Counting may sound restricting, but it’s actually quite the opposite.

Although your goal is to eat a fixed amount of carbs, protein and fat each day, it’s up to you to decide how you fill those. In my opinion, it’s like an investment.

Firstly you have to know what your capital is (energy expenditure) and what is the outcome you are looking for (calories intake). Then you decide how you want to put it to a different ratio and area to create a different investment portfolio for optimal outcome (protein, carbs and fats).  

Real food will fit your macros 

There are no rules to counting macros that say “no bread” or “no ice cream.” If it fits in your macros for the day, then you can feel guilt-free about having your treat.

However, we should not prioritise eating junk food and disregard food quality. Use the flexibility of counting macros to help you stay consistent in the long term, satisfy cravings and then move on. Optimally, you should choose nutrient-dense food (85-90% of your diet) to fulfill your nutrition requirements. Then save the rest (10-15%) for something to satisfy a craving if you like.

How to count it?

For people who want to be more precise, they can use a food scale to measure the weight of food and log that information into mobile apps like myfitnesspal, myplate or Macros etc.

This is especially helpful for people who have specific goals, like sport competition, to shred body fat or gain muscle mass. Otherwise, a palm or thumb size estimate is also an option.

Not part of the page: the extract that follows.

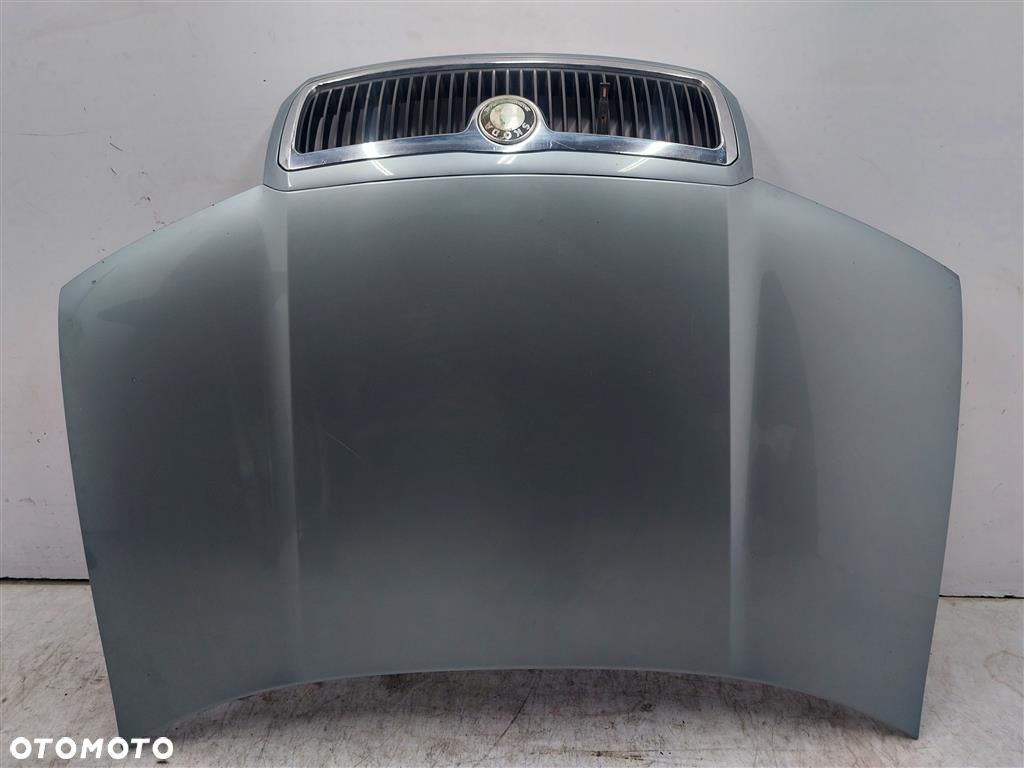 Maska POKRYWA PRZEDNIA atrapa grill Skoda Fabia  I LAK:LF7U 1999-2008R - 1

We have to understand that counting macros isn’t the same as accounting; one plus one is not always equal to two. The process of food digestion and absorption in the human body is more complicated than we understand. Digestive enzymes, cell metabolism, inflammation, sleep, hormone and gut health are all factors that can affect our bodies.

Final thoughts

I would say that counting macros is not the only way to be healthy. A consistent, healthy eating habit is the way. To eat mindfully,  smell the food, enjoy the real taste of each bite and understand what our bodies really need, because nutrients are most important. 

Counting macros can make it easier for us to combine and reach different diet patterns, like carbs cycling , keto diets, zone diets and low-carb diets, etc. It is a good way to learn about food and understand how our bodies react to different diet patterns.

Everyone has different reactions to different kinds of food and the ratio of macros in their bodies. Understanding yourself and your body more will never be a waste of time.